(DATA BELOW begins)

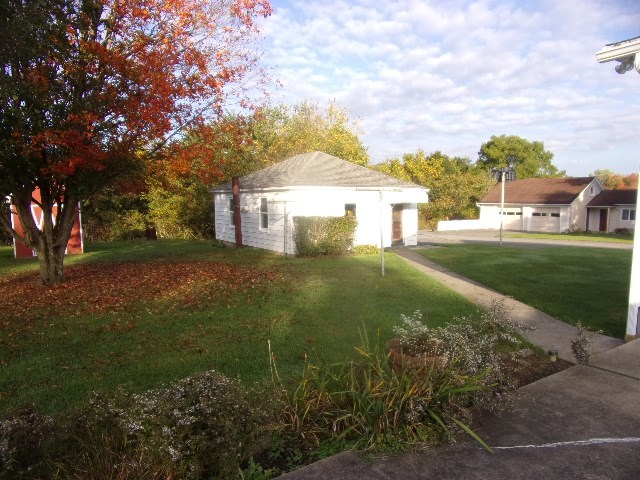 334 Madison Street Sligo, PA 16255 - Photo 7 of 24 a view of a house with a yard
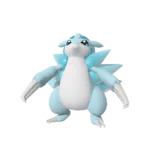 Sablaireau dans New Pokémon Snap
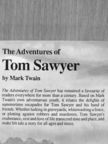 Mark Twain - The Adventures of Tom Sawyer [antikvár]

(DATA BELOW ends)

THE TASK: Could you retype the whole listing word for word, minus its pictures?

SOLUTION TO THE EXERCISE:
 334 Madison Street Sligo, PA 16255 - Photo 7 of 24 a view of a house with a yard
 Sablaireau dans New Pokémon Snap
 Mark Twain - The Adventures of Tom Sawyer [antikvár]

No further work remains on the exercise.